Critics liken Guantanamo Bay to Soviet gulags, but reality does not match their hyperbole. The supporters of David Hicks, the detainee popularly known as the "Australian Taliban," asserted that Mr. Hicks was mistreated and wasting away. But at his March trial, where he pleaded guilty to providing material support to a terrorist organization, he and his defense team stipulated he was treated properly. Mr. Hicks even thanked service members, and as one Australian newspaper columnist noted, he appeared in court "looking fat, healthy and tanned, and cracking jokes."

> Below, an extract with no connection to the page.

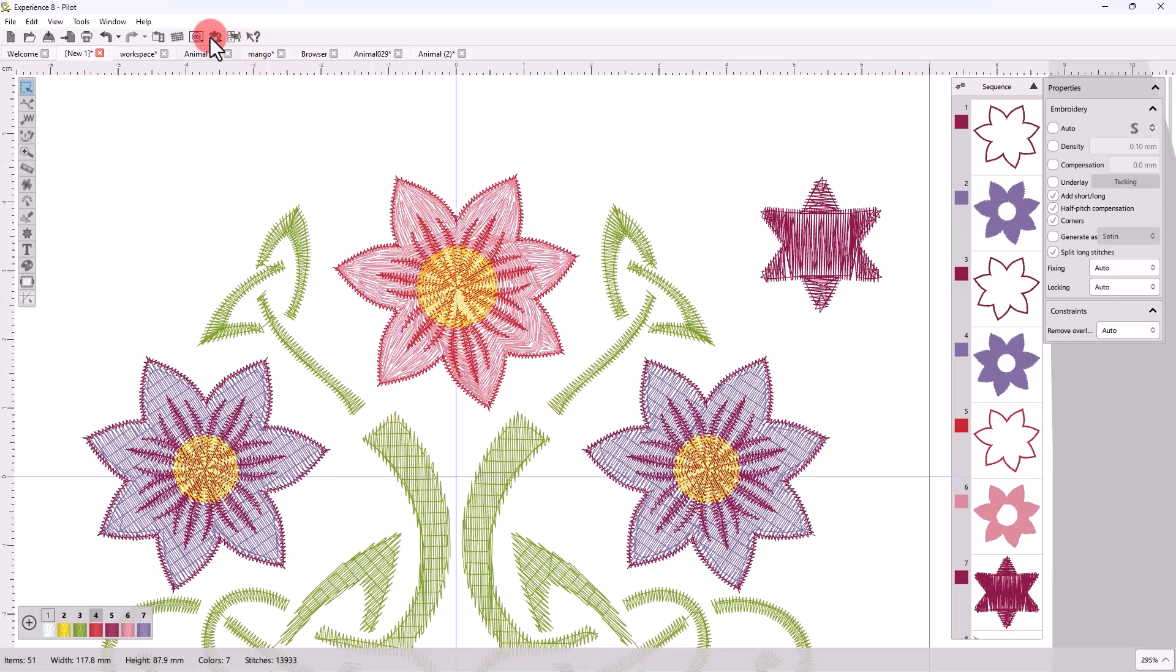When you are satisfied with the design you created, you can easily send it to your machine for production. Enjoy creating!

And as Greenwald points out, "his defense team stipulated he was treated properly" because that was the only way the government would let him out of that hellhole:
After more than five years of lawless imprisonment, and only in response to the demands of one of our few remaining allied governments in the world, [the U.S. government agreed] to release him from his black hole, but only on the condition that he (a) remain[ed] silent about his captivity and (b) sign[ed] a document "stipulating" that he was not mistreated during his captivity.
...
Hicks' release [was] conditioned on his signing the "stipulation" even though it is plainly coerced and insincere ...

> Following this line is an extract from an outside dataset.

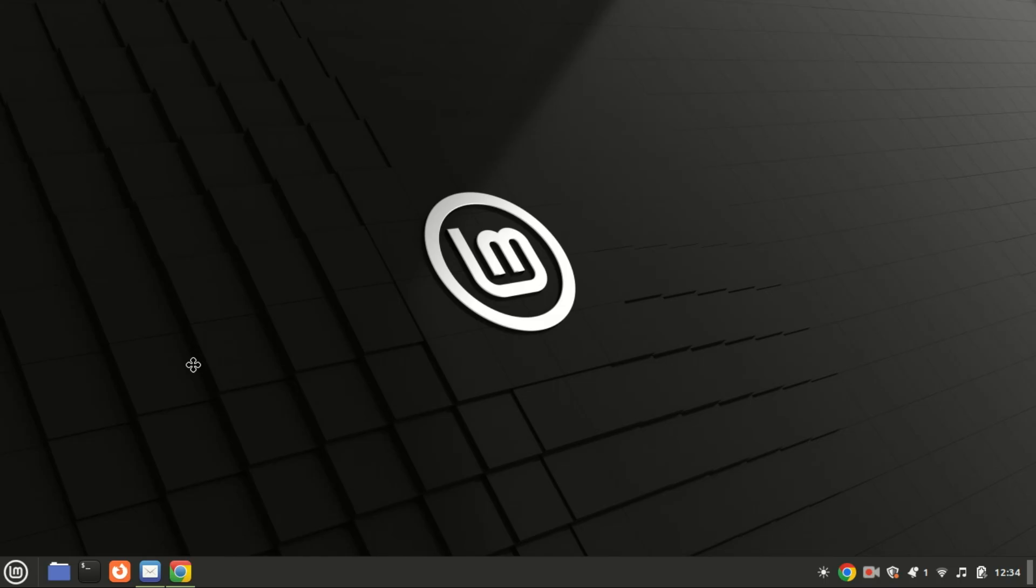Hey everyone, welcome back to our channel. Today, we're diving into the world of Android development by learning how to install Android Studio on Linux Mint 22. Whether you're a beginner or a seasoned developer, setting up Android Studio is the first step in building amazing Android apps.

I'm not reminded so much of Soviet gulags, Col. Davis, as I am of Paul Wolfowitz. First the World Bank found him guilty of breaking the rules. They tried to get him out, he insisted he's done nothing wrong. Then he negotiated a statement wherein the Bank said that he had only made "mistakes", and those "in good faith." Everyone knows this isn't true, especially the board members who issued the statement, but it was the only way to get him gone. Yet Wolfowitz touts this coercion as vindication of his innocence.